Recorded data Block Start

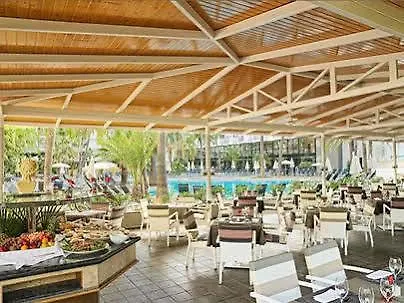 Отель Protur Palmeras Playa Са Кома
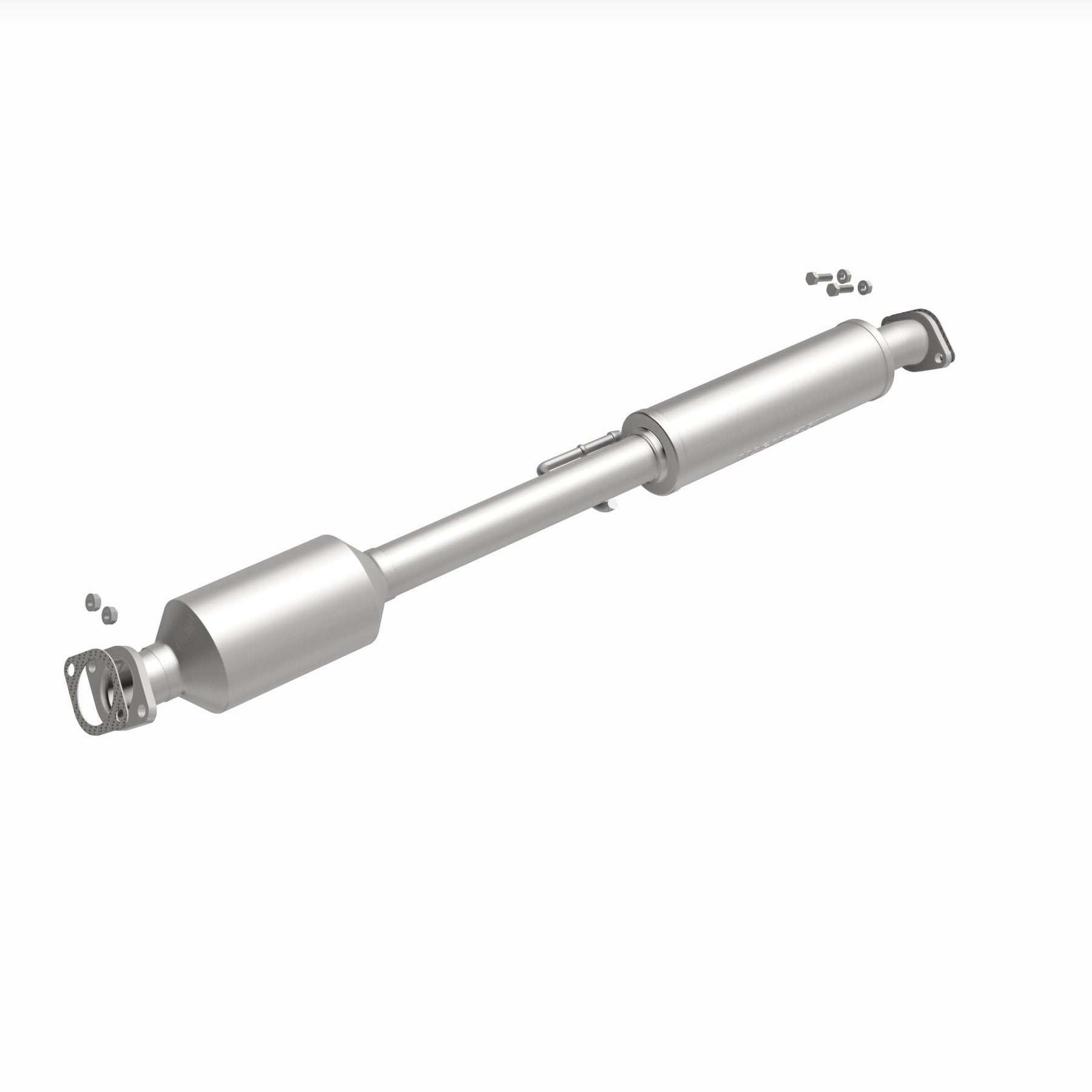 MagnaFlow Exhaust Products 5571820 - Catalytic Converter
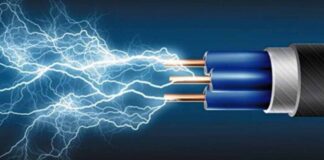 Νεκρή από ηλεκτροπληξία 40χρονη στον Τύρναβο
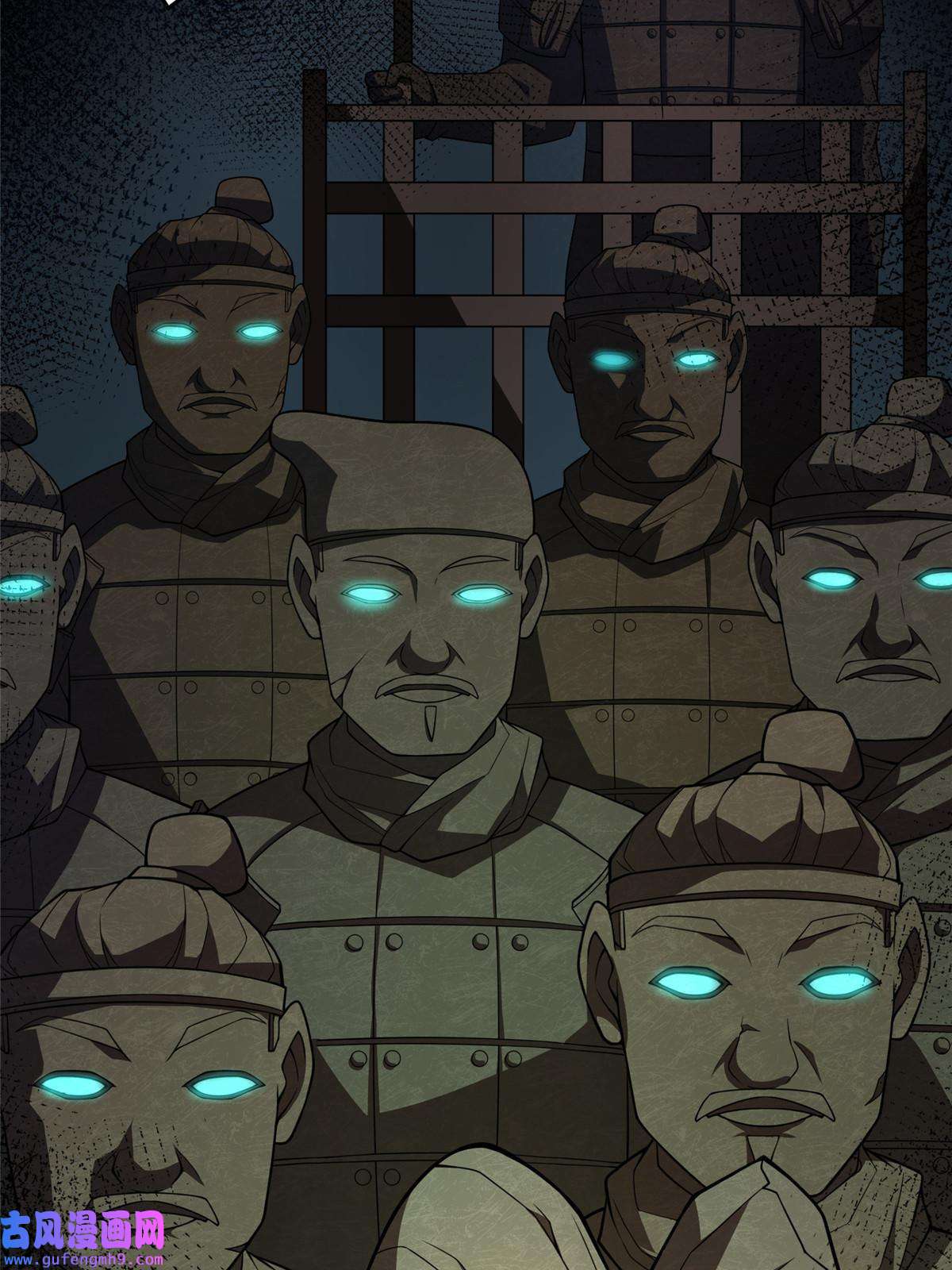 神宠进化109 高鹏的野望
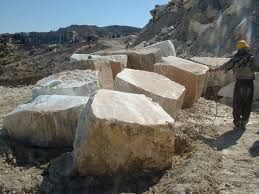 صادرات صنعت سنگ سال گذشته 100 هزار تن افزایش پیدا کرد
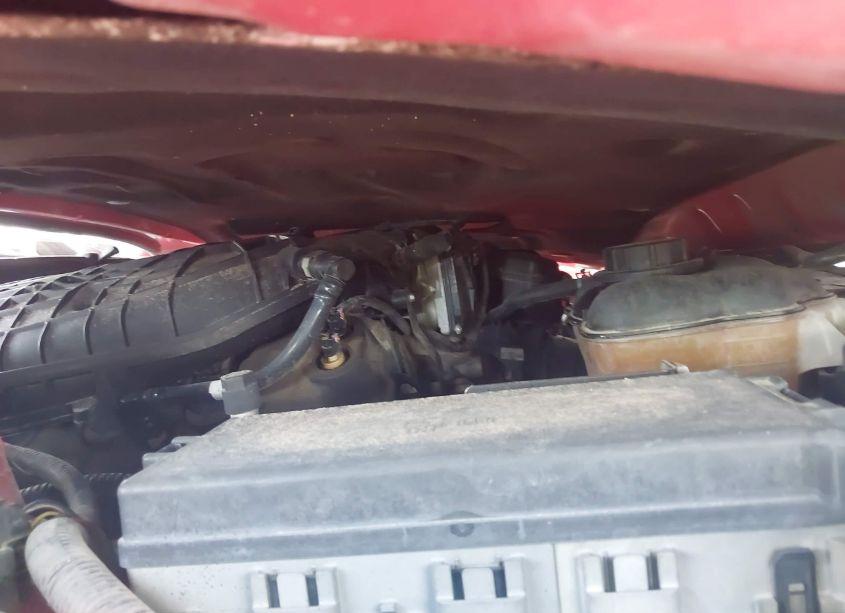 Photo 10 of 2014 Ford Mustang V6 (VIN 1ZVBP8AM0E5250124)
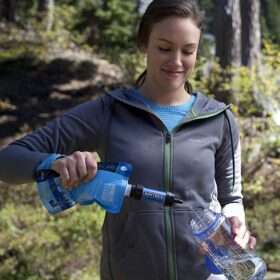 Sawyer MINI Water Filtration System SP128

Recorded data Block End

= Description of the task =
Please return exactly the lines from the one containing "صادرات صنعت سنگ" through the end of the material above, both ends included, but not the pictures.

= Result of this exercise =
 صادرات صنعت سنگ سال گذشته 100 هزار تن افزایش پیدا کرد
 Photo 10 of 2014 Ford Mustang V6 (VIN 1ZVBP8AM0E5250124)
 Sawyer MINI Water Filtration System SP128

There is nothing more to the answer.